Kural olarak tüm mirasçıların, miras kalan malvarlığı değerleri üzerinde miras hakkı vardır. Miras paylaşımı, kanunda belirlenmiş olarak mirasçılara, miras payları oranında paylaştırılır. Ancak muris, ölmeden önce mirasçılar arasında hakkaniyete uymayacak şekilde bir paylaşım yapmış olabilir. Örneğin; mirasçılardan birinden mal kaçırmak isteyebilir. Bunlardan birisi de Muris muvazaasıdır. Muris muvazaası, birçok şekilde gerçekleşebilir. Örneğin, murisin gerçek iradesi bağışlamak olmasına karşın bir malın diğer bir kimseye bedel alınmadan satılması şeklinde muvazaa gerçekleştirilebilir. Bu durumda da tüm mirasçılar, dava açma hakkına sahip olup bağış sözleşmesinin geçersiz olduğunun tespiti ve tapu kaydının iptalini isteyebilirler.

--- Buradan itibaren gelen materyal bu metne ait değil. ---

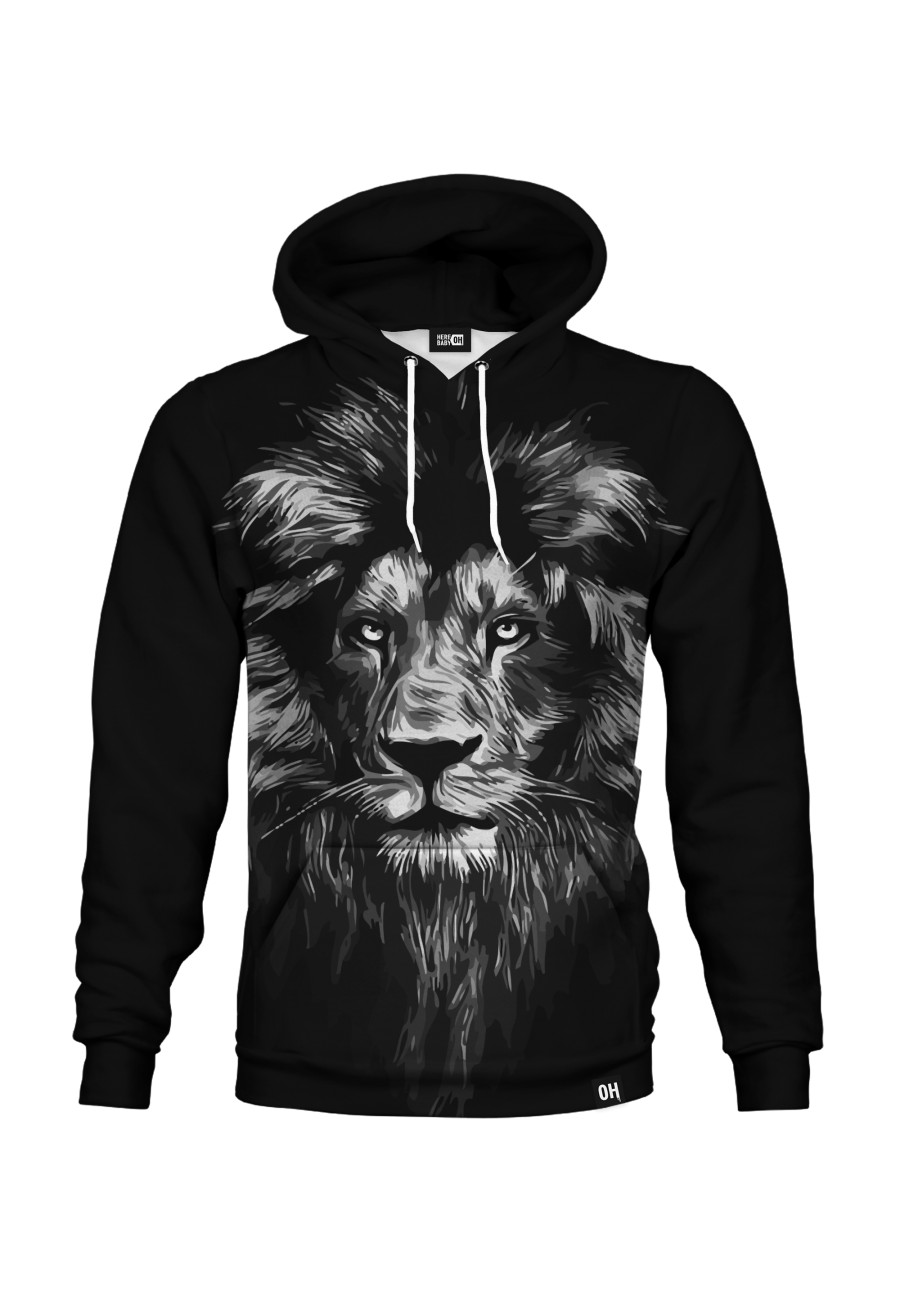 Bluza fullprint z kapturem Black and White Lion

Bir diğer önemli husus, miras sebebiyle istihkak davasına ilişkindir. Miras sebebiyle istihkak davası TMK 637. maddesinde düzenlenmiş olup, yasal veya atanmış mirasçı, terekeyi veya bazı tereke mallarını elinde bulunduran kimseye karşı mirasçılıktaki üstün hakkını ileri sürerek miras sebebiyle istihkak davası açabilir.
Diğer başlıca miras davaları, mirasın reddi davası, mirastaki ortaklığın giderilmesi, tenkis davalarıdır.